# Kdy, když, kdyby



## aedude94

_Split from here._

Also, kdyz is used for all conjunctions then when the speaker is trying to say "when"? Or can kdy be used as well?


----------



## Jana337

"Když" is an immutable conjuction.
_When I want to relax, I read a good book.
- Když si chci odpočinout, přečtu si dobrou knihu.
When she saw him, she started crying. 
- Když jej spatřila, rozplakala se. (Easier: Když jej uviděla, začala plakat.)
You cannot claim you do not like the song when you have never heard it!
- Nemůžeš tvrdit, že se ti ta písnička nelíbí, když jsi ji nikdy neslyšel!
_
"Kdy", meaning when/what time, is immutable as well.
_I don't know when he comes back.
- Nevím, kdy se vrátí.
She asked me when I had met my wife.
- Zeptala se mne, kdy jsem se seznámil se svou ženou.
You don't know when to stop!
- Nevíš, kdy přestat!_

Then there's "kdyby" (if) that has a different form for each person. The forms in parentheses are wrong although you can hear them quite frequently. 

1. kdybych (kdyby jsem)
2. kdybys (kdyby jsi)
3. kdyby 
1. kdybychom (kdyby jsme)
2. kdybyste (kdyby jste)
3. kdyby

Notice that we use  "kdyby + past participle" for both "if I were" and "if I had been". It is theoretically possible to make a distinction but you would sound hypercorrect and too formal. 

_If I were rich, I would buy a new house.
- Kdybych byl bohatý, koupil bych si nový dům.
If he had known it, he would have stayed at home.
- Kdyby to věděl, zůstal by doma. _(The "more" correct variant: _Kdyby to býval věděl, byl by zůstal doma._ I can't say it with a straight face. )
_If we wanted to rent a car for two days, how much would it cost?
- Kdybychom si chtěli pronajmout auto na dva dny, kolik by to stálo?
_


----------



## cajzl

> _Kdyby to věděl, zůstal by doma.
> _


It reminds me the little Gibus' famous phrase:

Kdybysem to věděl, tak bysem sem nechodil. - Si j'aurais su, j'aurais pas venu. (If I had known, I wouldn'ta come.)

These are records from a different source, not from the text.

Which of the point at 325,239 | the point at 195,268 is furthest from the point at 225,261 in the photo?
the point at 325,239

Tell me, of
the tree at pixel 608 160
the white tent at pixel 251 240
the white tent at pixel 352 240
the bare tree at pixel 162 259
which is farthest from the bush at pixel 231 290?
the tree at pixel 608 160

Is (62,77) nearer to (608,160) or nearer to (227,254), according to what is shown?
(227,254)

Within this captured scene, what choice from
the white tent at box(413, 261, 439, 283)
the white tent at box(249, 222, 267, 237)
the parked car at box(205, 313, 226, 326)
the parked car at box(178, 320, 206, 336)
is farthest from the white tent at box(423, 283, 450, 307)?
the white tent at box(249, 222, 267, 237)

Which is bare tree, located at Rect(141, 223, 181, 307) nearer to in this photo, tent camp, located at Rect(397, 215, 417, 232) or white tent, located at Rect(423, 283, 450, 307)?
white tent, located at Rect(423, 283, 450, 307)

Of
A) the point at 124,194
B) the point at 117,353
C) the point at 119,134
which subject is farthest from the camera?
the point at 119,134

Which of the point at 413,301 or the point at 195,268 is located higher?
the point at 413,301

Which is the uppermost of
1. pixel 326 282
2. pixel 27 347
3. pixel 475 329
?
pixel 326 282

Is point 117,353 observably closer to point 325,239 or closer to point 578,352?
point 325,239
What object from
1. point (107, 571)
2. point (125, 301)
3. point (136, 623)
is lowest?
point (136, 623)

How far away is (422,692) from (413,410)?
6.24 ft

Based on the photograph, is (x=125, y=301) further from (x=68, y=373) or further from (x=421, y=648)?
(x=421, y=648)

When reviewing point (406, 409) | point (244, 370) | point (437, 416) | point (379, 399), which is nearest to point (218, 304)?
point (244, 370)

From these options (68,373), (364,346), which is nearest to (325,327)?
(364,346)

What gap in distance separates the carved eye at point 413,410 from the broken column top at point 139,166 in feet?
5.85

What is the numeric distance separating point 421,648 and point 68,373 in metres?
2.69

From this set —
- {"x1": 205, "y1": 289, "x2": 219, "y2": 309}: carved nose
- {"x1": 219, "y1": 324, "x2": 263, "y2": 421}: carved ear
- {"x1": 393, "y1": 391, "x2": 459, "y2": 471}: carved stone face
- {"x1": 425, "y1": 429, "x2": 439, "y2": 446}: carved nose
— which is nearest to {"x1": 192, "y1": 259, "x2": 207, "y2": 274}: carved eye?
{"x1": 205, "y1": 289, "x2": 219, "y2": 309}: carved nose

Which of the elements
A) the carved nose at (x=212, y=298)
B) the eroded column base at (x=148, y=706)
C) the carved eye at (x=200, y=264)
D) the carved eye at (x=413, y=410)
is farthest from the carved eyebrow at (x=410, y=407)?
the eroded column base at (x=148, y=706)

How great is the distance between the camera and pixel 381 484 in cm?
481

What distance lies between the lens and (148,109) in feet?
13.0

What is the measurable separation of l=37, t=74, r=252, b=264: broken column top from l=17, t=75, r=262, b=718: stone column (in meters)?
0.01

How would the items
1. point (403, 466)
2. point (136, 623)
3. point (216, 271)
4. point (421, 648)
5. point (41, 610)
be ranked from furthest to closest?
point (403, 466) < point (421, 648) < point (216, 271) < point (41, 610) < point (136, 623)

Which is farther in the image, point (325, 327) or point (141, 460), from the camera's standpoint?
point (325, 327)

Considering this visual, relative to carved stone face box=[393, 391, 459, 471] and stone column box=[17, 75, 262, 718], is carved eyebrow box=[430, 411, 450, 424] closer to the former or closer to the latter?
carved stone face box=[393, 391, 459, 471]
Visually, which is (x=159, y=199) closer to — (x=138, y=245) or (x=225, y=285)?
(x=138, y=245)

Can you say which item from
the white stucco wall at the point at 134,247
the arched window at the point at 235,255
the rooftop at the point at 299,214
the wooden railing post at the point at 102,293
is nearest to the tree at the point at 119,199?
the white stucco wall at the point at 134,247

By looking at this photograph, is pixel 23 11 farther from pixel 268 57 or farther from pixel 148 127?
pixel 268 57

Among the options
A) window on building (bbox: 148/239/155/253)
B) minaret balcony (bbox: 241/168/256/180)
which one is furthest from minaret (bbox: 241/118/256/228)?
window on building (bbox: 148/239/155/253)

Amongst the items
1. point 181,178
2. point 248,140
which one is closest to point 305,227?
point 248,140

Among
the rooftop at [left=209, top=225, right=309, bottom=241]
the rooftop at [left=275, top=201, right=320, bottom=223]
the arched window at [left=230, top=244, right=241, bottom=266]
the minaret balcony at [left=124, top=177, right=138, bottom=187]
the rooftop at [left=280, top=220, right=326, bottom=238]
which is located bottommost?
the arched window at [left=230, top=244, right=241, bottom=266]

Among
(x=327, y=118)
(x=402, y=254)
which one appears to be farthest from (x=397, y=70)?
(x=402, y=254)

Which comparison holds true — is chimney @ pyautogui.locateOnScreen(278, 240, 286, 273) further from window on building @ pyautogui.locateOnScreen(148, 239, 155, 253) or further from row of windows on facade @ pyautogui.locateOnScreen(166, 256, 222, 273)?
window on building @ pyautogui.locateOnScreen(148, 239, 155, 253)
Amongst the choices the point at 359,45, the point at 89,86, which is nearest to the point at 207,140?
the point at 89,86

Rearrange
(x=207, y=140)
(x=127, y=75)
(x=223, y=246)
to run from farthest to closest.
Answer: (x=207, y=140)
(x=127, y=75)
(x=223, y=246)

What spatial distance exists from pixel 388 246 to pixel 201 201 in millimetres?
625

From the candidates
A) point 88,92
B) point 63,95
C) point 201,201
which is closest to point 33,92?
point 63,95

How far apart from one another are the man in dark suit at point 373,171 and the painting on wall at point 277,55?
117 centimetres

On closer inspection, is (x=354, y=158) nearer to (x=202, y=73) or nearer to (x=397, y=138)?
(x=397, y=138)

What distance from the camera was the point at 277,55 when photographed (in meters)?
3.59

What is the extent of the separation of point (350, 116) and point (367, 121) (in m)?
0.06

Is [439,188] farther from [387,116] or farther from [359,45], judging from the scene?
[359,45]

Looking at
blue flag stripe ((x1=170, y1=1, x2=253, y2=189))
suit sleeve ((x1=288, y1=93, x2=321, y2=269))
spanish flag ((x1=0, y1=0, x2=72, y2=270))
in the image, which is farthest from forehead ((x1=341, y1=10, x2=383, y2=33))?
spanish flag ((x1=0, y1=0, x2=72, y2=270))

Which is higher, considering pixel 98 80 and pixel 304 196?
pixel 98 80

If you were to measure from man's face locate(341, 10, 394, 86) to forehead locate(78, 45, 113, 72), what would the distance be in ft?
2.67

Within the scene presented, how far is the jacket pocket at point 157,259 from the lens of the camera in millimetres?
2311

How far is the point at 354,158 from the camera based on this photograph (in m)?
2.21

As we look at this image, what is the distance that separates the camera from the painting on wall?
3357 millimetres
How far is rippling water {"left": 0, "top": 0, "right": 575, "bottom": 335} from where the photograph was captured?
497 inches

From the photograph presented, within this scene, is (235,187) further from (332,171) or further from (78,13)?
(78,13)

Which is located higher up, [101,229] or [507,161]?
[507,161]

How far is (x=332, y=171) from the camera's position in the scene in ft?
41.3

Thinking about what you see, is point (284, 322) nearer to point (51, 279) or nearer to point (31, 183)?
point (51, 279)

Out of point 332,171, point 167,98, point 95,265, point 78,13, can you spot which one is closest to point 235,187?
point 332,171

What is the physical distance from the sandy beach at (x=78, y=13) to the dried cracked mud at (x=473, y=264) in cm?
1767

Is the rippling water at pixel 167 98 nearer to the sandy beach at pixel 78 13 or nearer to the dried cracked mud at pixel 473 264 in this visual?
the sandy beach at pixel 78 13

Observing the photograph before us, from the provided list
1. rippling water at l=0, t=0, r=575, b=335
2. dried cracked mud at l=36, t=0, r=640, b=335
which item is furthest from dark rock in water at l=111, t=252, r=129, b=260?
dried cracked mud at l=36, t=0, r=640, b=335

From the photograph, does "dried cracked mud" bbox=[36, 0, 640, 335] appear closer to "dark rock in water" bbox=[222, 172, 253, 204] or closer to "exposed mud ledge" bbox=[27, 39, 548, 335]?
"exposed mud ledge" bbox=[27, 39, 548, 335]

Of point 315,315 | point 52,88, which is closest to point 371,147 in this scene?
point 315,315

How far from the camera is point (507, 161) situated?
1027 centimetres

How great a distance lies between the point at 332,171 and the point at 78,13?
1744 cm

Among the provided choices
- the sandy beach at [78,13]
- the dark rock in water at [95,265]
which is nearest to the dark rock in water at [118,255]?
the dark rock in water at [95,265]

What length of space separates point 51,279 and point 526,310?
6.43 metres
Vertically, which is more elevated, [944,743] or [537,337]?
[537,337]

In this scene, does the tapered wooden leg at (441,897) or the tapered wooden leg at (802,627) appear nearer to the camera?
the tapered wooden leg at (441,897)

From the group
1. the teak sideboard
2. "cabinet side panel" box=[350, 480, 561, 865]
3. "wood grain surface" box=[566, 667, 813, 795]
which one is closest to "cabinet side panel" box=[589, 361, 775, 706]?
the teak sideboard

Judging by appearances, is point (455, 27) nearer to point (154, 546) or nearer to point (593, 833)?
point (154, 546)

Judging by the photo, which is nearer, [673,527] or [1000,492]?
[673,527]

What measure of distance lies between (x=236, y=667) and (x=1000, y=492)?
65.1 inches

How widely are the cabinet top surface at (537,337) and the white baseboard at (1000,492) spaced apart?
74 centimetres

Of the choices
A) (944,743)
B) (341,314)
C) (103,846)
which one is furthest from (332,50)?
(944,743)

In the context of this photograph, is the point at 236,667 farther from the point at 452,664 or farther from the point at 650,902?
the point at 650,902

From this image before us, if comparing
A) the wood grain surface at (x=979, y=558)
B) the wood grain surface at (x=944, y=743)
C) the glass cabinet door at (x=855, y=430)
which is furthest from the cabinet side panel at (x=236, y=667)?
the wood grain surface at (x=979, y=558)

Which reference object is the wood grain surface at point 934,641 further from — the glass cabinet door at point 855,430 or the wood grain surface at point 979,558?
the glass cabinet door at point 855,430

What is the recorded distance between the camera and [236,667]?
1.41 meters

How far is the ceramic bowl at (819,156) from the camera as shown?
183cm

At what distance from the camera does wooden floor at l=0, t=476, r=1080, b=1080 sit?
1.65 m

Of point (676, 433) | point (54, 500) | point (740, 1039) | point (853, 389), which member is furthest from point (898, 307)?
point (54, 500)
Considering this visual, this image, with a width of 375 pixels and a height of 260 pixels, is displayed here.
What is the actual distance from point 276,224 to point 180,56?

Grammatically incorrect in Czech and reportedly in French as well.


----------



## jazyk

> Kdybysem to věděl, tak bysem sem nechodil. - Si j'aurais su, j'aurais pas venu. (If I had known, I wouldn'ta come.)
> 
> Grammatically incorrect in Czech and reportedly in French as well.



Right, but_ Si je l'eusse su, je ne serais pas venu _would work grammatically, but too stiff colloquially.


----------